Les villes s’initient aux conseils d’enfants
Ils existent déjà dans des écoles, des centres de loisirs ou dans les familles. Les « conseils d’enfants » apparaissent désormais dans les villes. Mais comment impliquer les enfants dans les affaires de la Cité ?
Par Dominique Malatesta et Dominique Golay, professeures à la Haute Ecole de travail social et de la santé – EESP - Lausanne
La participation des enfants aux affaires de la Cité et à la vie des quartiers est désormais à l’agenda politique de nombreuses villes, projet relayé et réinterprété par des professionnels du travail social et des associations intervenant auprès des enfants. Même si la participation dans sa version la plus généralisée, à savoir la consultation, est déjà relativement bien installée en milieu scolaire, mais aussi au sein des familles, selon un récent rapport UNICEF [1], il n’en va pas de même pour tout ce qui concerne la présence des enfants dans l’espace public. Les travaux que nous avons menés dans ce domaine (essentiellement dans des quartiers [2] de Lausanne qui vient d’obtenir la distinction de « Commune amie des enfants ») amènent à mettre l’accent sur un certain nombre de pistes de réflexion et de développement que nous présentons ici.
Du côté des enfants, deux constats principaux ressortent des entretiens menés avec celles et ceux qui se sont engagé·e·s dans ces expériences participatives [3]. Premièrement, les enfants ont surtout des attentes de reconnaissance, elles et ils veulent bel et bien être pris·es en considération dans leur expérience quotidienne d’un vivre-ensemble déterminé par un quartier, un établissement scolaire et des situations familiales. Deuxièmement, le partage des expériences à l’intérieur d’un collectif les amène rapidement à s’exprimer sur des problèmes plus généraux. Des inimitiés entre enfants au problème de la violence dans l’espace public. Des problèmes familiaux à l’accès aux loisirs. Etc.
Du côté des professionnel·le·s, les points de vue sont plus contrastés. Deux postures peuvent être repérées, soit on regarde la ville comme organisation politique, et on réfléchit à la place des enfants dans l’action publique ; soit on regarde les enfants et leurs expériences sociales, en relation avec un contexte traversé par des inégalités sociales et de sexe, et on réfléchit alors à des projets à visée émancipatrice. Cette deuxième posture est définie également par le fait que les assemblées étudiées sont situées dans des quartiers populaires, et que les intervenants sont préoccupés par des parcours scolaires plus fragiles et par les conditions socio-économiques de vie des familles qui influencent les pratiques de loisirs et les sociabilités des enfants. Si dans certains lieux, ces deux postures sont quasiment exclusives, elles sont le plus souvent articulées dans la mise en œuvre des conseils d’enfants tout en mettant davantage l’accent sur l’une ou l’autre posture.

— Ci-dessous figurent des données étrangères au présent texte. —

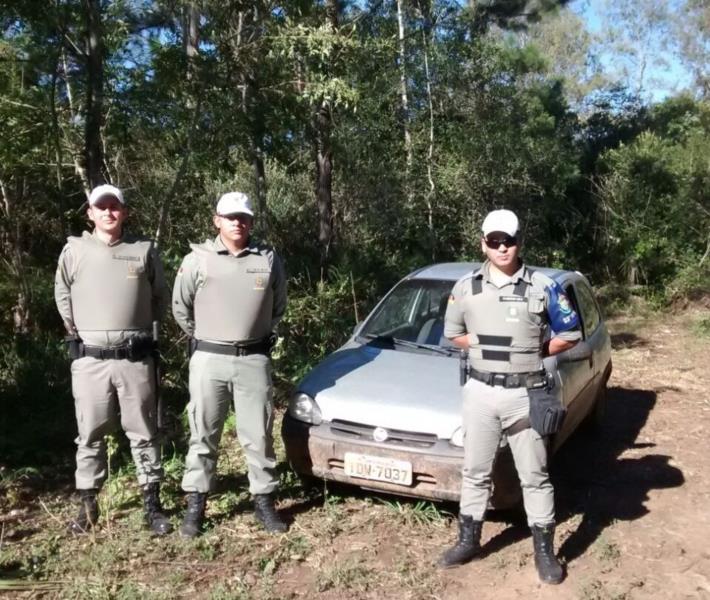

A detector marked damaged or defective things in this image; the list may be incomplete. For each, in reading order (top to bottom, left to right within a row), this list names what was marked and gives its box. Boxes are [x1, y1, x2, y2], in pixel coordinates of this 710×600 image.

rusted bumper [282, 412, 524, 506]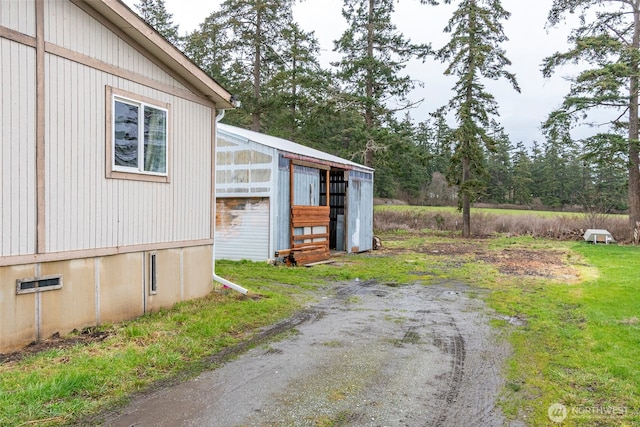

Le premier axe, schématiquement, pourrait être qualifié d’éducation à la citoyenneté. Dans cette perspective, on cherche à faire des enfants des êtres responsables, qui s’engagent pour la bonne marche de la Commune, on va leur apprendre à voter par exemple et à décider à la majorité. Cette approche de la citoyenneté, on le voit, passe par l’apprentissage des procédures sans toutefois aborder les contextes socioculturels, ni les impacts qu’ils peuvent engendrer en termes d’inégalités. On se trouve alors face à une vision quelque peu réductrice de la démocratie dans la mesure où celle-ci ne se résume pas au droit de vote mais comprend aussi une réelle préoccupation pour la régulation des injustices, la prise en considération des minorités (y compris celles qui ne peuvent pas voter), ainsi que pour l’accès à l’espace public.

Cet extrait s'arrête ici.